TASK PROMPT: Leaving the pictures aside, repeat the entries exactly.

------ STORED DATA ------

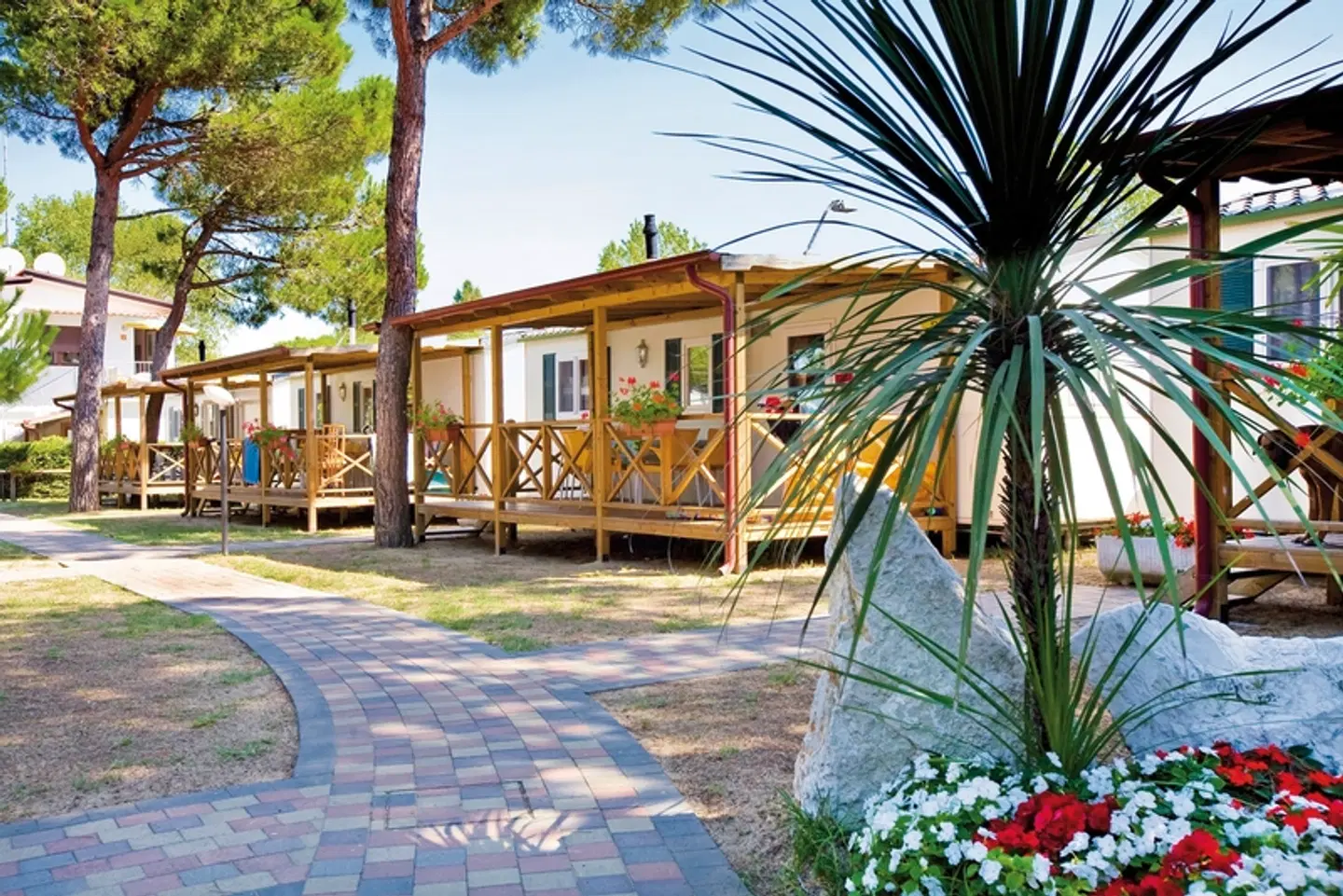 Vela Blu Camping Village Terrasse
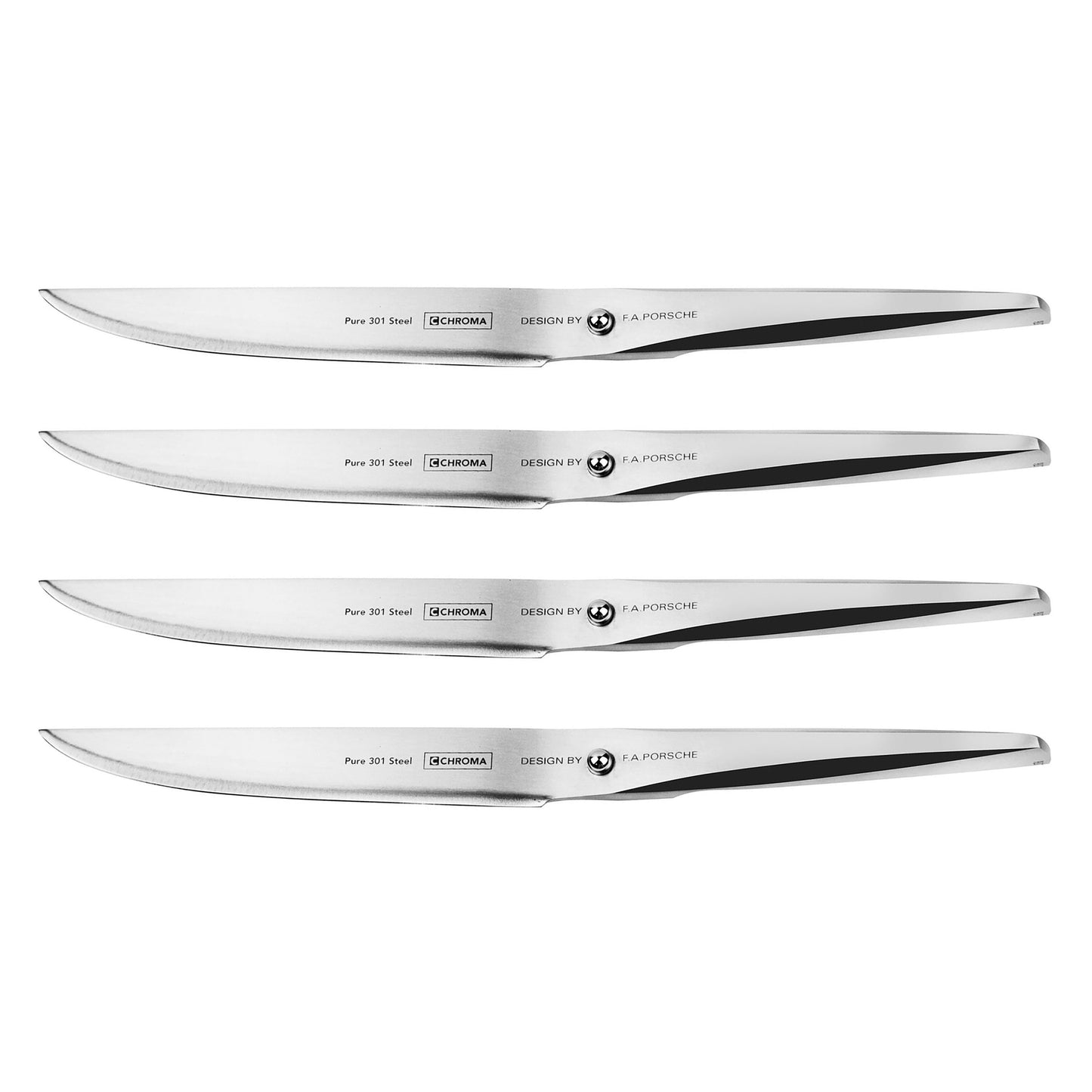 Chroma Type 301 4 Piece Steak Knife Set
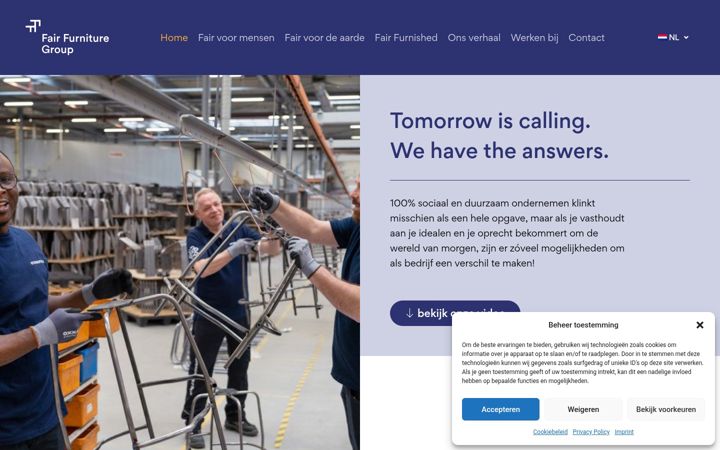 Екранна снимка на fairfurnituregroup.nl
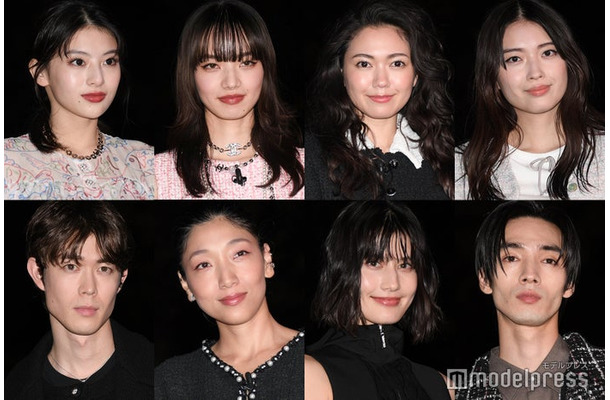 （上段左から）出口夏希、小松菜奈、二階堂ふみ、茅島みずき（下段左から）宮沢氷魚、安藤サクラ、橋本愛、清水尋也（C）モデルプレス
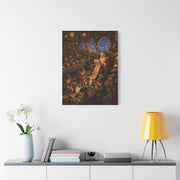 Cozy Traditional Santa Workshop Wall Art & Canvas Print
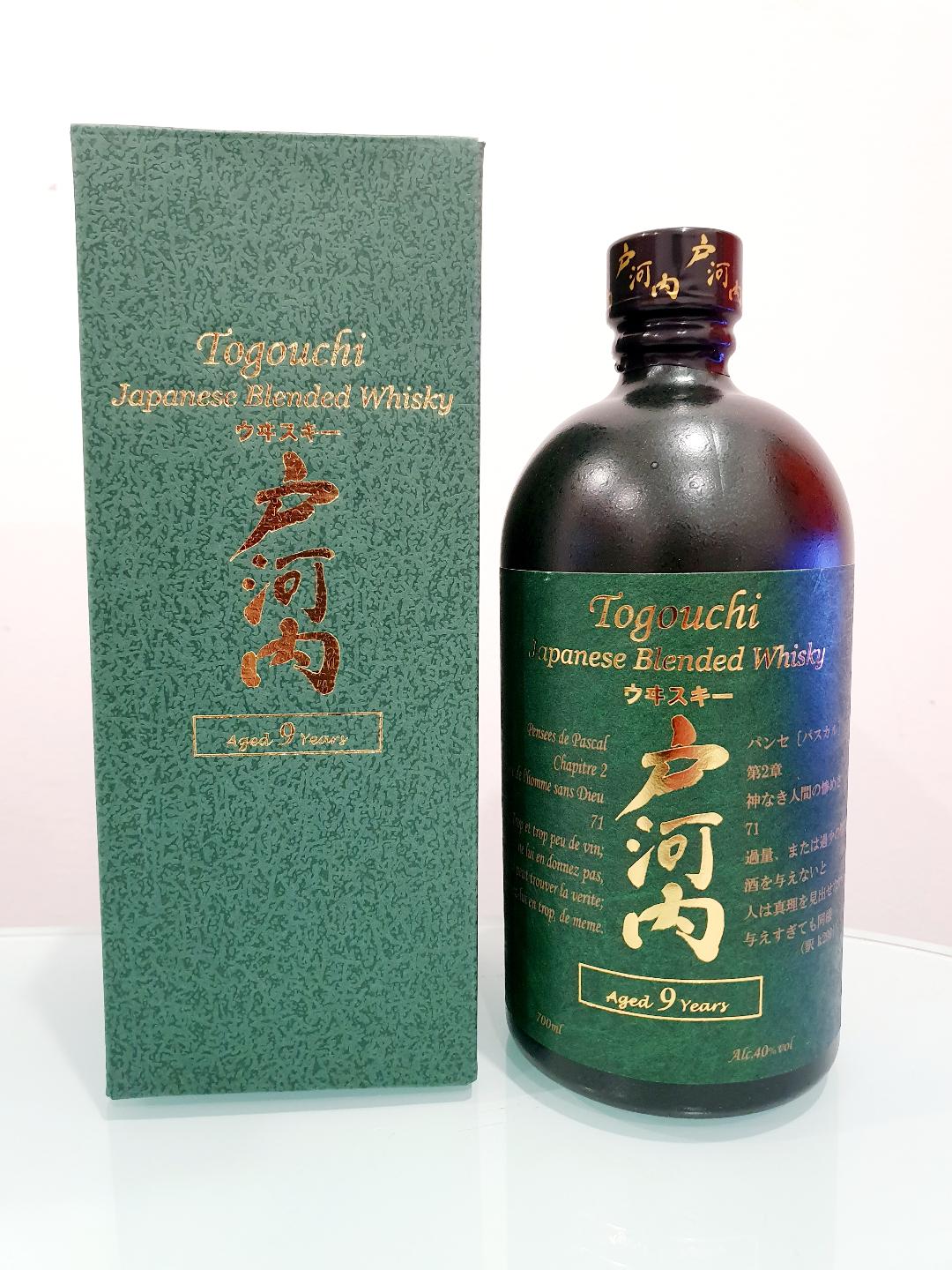 Togouchi 9 YO Japanese Whisky 700mL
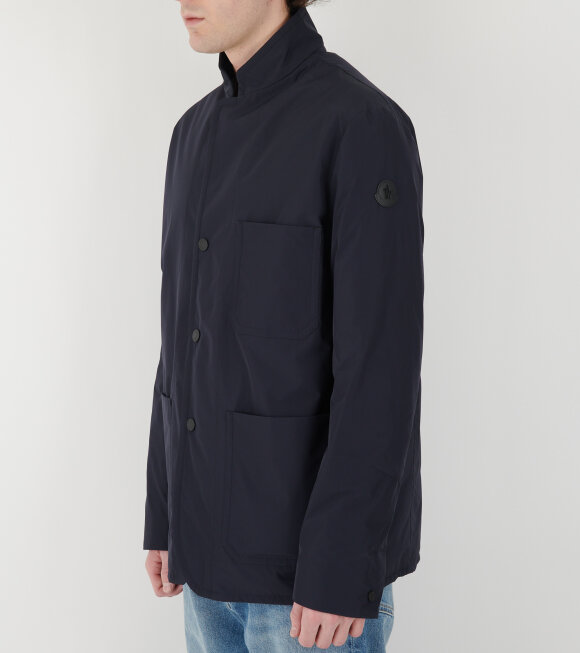 Moncler - Monges Down Shirt Jacket Navy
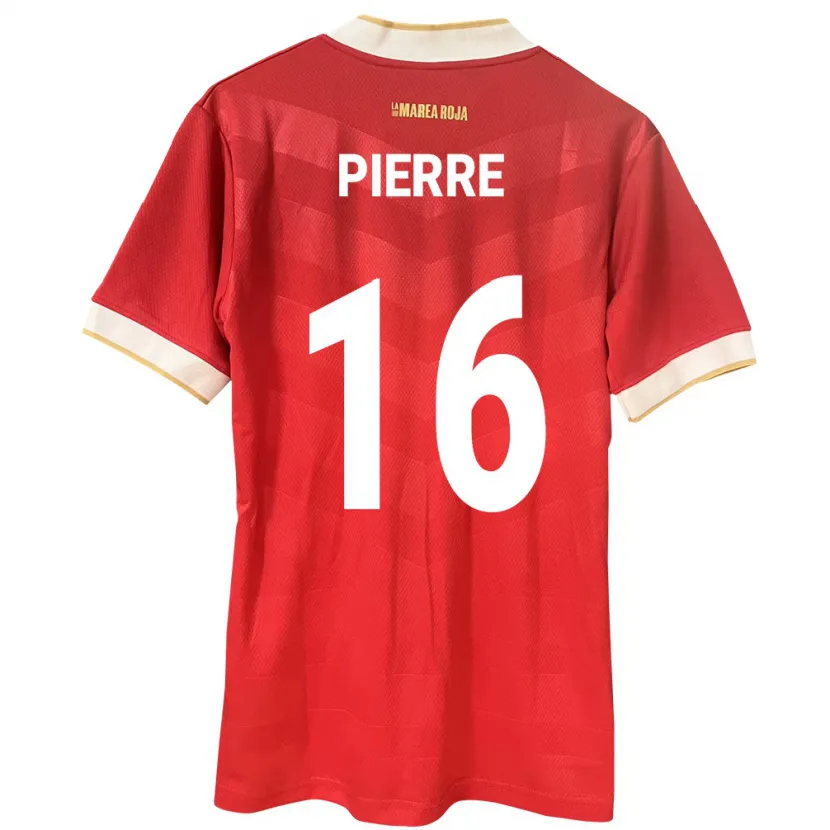 Danxen Kid Panama Jael Pierre #16 Red Home Jersey 24-26 T-Shirt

------

PROBLEM SOLUTION:
 Vela Blu Camping Village Terrasse
 Chroma Type 301 4 Piece Steak Knife Set
 Екранна снимка на fairfurnituregroup.nl
 （上段左から）出口夏希、小松菜奈、二階堂ふみ、茅島みずき（下段左から）宮沢氷魚、安藤サクラ、橋本愛、清水尋也（C）モデルプレス
 Cozy Traditional Santa Workshop Wall Art & Canvas Print
 Togouchi 9 YO Japanese Whisky 700mL
 Moncler - Monges Down Shirt Jacket Navy
 Danxen Kid Panama Jael Pierre #16 Red Home Jersey 24-26 T-Shirt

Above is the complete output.